National Center for Stomatology, State Key Laboratory of Oral Diseases, National Clinical Research Center for Oral Diseases, Department of Head and Neck Oncology, West China Hospital of Stomatology, Sichuan University, Chengdu, China; Department of Oral and Maxillofacial Surgery, Service of Oral Maxillofacial Head and Neck Oncology Surgery, Faculty of Dental Medicine, Hospital of the University of Kinshasa, Kinshasa, Congo.
Cancer Lett. 2025 Sep 28;628:217847. doi: 10.1016/j.canlet.2025.217847. Epub 2025 Jun 2.
Salivary adenoid cystic carcinoma (SACC) is characterized by an exceptionally dense neural network within its tumor microenvironment. Schwann cells (SCs), an essential component of this neural network, have recently emerged as critical mediators of tumor progression. However, SACC-induced SCs reprogramming, as well as the functional significance and molecular mechanisms of tumor-associated Schwann cells (TA-SCs), remains largely elusive. We employed tissue-clearing-based three-dimensional imaging to evaluate the SACC tumor microenvironment with high spatial resolution. We also characterized SCs heterogeneity using single-cell RNA sequencing data from GEO. We investigated the biological phenotypes transformation and revealed the transcriptome characteristics of TA-SCs in SACC, indicating that TGF-β1 exerts its function through c-Jun activation, which is pivotal for driving TA-SCs reprogramming. Furthermore, we determined that TA-SCs enhance SACC cell proliferation, migration, invasion, cisplatin resistance, and stemness. We further discovered that TA-SCs elevate histone lactylation in SACC via paracrine IGF2 signaling. Inhibition of IGF2/IGF1R signaling curbed histone H3 lysine 18 lactylation (H3K18la) in SACC and attenuated the IGF2-driven stem-like reprogramming effect, while simultaneous blockade of TGF-βR1 and IGF1R activation maximally restricted this reprogramming. These findings underscore the pivotal role of TA-SCs in SACC progression and stem-like reprogramming via IGF2/IGF1R-H3K18la axis, representing promising therapeutic targets for this malignancy.

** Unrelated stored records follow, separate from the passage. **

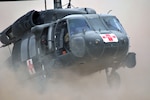 Soldiers from C Company, 1st Battalion, 171st Aviation Regiment, land in a UH-60 Black Hawk helicopter during a training flight on Camp Dwyer, Afghanistan. Soldiers from the unit recently transported a critically wounded Marine who had live rocket propelled grenade round embedded in his leg. Without the quick thinking of the air crew, the Marine would not have survived.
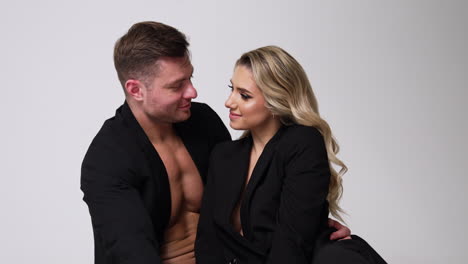 beautiful caucasian couple both wearing the black jackets. man and woman sit close together looking at each other. white backdrop.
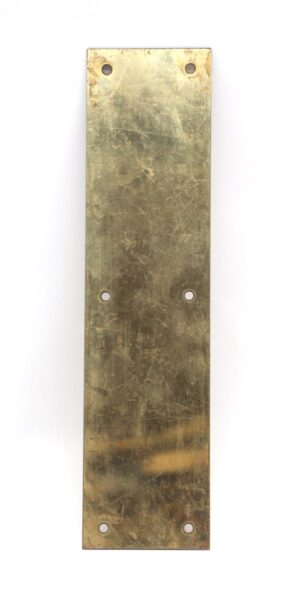 Vertical brass door push plate with four mounting holes and a worn polished brass finish.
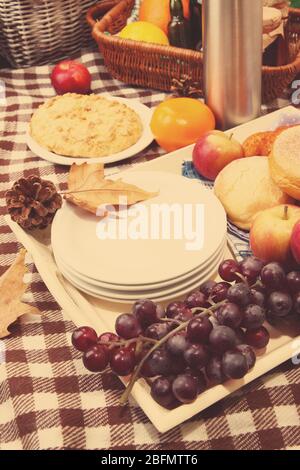 Zusammensetzung von Tellern, frischem Obst und Backen auf karierten Tischdecken Stockfoto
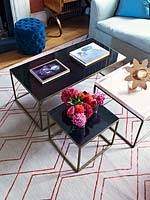 Metal coffee tables on patterned rug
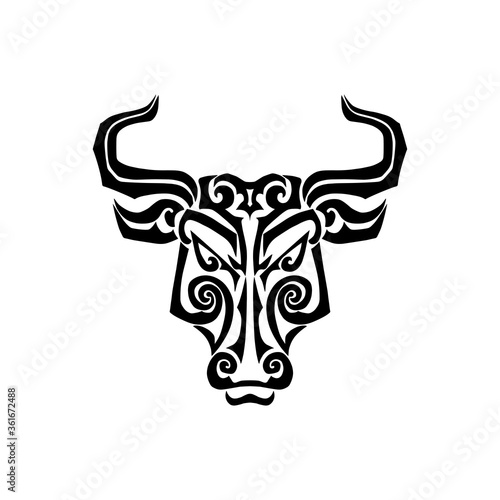 Bull is symbol of 2021 New Year. Bull head stylized Maori face tattoo. Vector illustration isolated on white background.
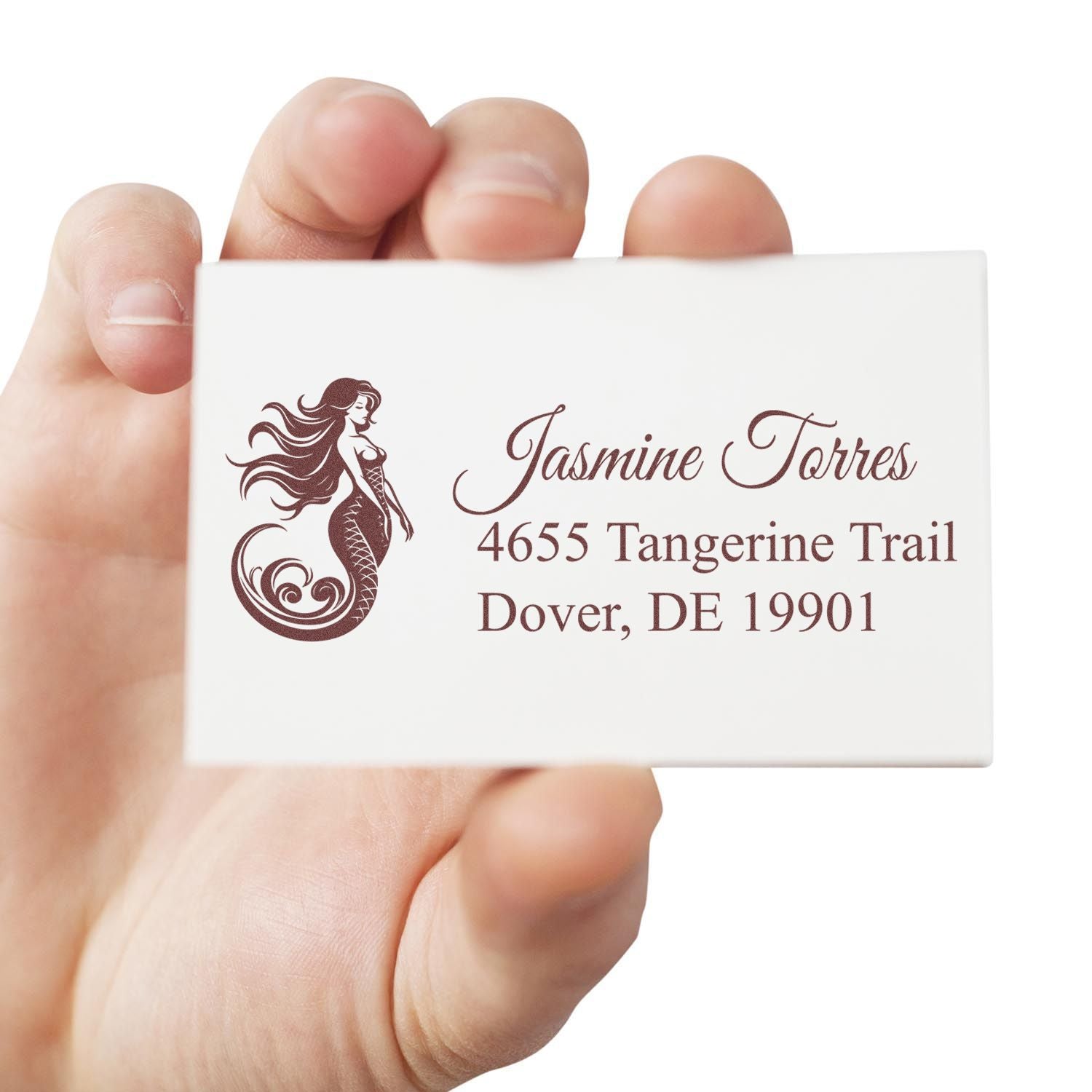Custom mermaid address rubber stamp for business branding and mailing, showing name and Dover, DE address.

涎腺腺样囊性癌(SACC)的特征是其肿瘤微环境中存在异常密集的神经网络。雪旺细胞(SCs)是该神经网络的重要组成部分,最近已成为肿瘤进展的关键介质。然而,SACC诱导的SCs重编程以及肿瘤相关雪旺细胞(TA-SCs)的功能意义和分子机制仍 largely 难以捉摸。我们采用基于组织透明化的三维成像技术,以高空间分辨率评估SACC肿瘤微环境。我们还利用来自GEO的单细胞RNA测序数据对SCs的异质性进行了表征。我们研究了生物学表型转化,并揭示了SACC中TA-SCs的转录组特征,表明TGF-β1通过c-Jun激活发挥其功能,这对于驱动TA-SCs重编程至关重要。此外,我们确定TA-SCs增强了SACC细胞的增殖、迁移、侵袭、顺铂抗性和干性。我们进一步发现,TA-SCs通过旁分泌IGF2信号通路提高SACC中的组蛋白乳酸化水平。抑制IGF2/IGF1R信号通路可抑制SACC中的组蛋白H3赖氨酸18乳酸化(H3K18la),并减弱IGF2驱动的干细胞样重编程效应,而同时阻断TGF-βR1和IGF1R激活可最大程度地限制这种重编程。这些发现强调了TA-SCs在SACC进展和通过IGF2/IGF1R-H3K18la轴进行的干细胞样重编程中的关键作用,为这种恶性肿瘤提供了有希望的治疗靶点。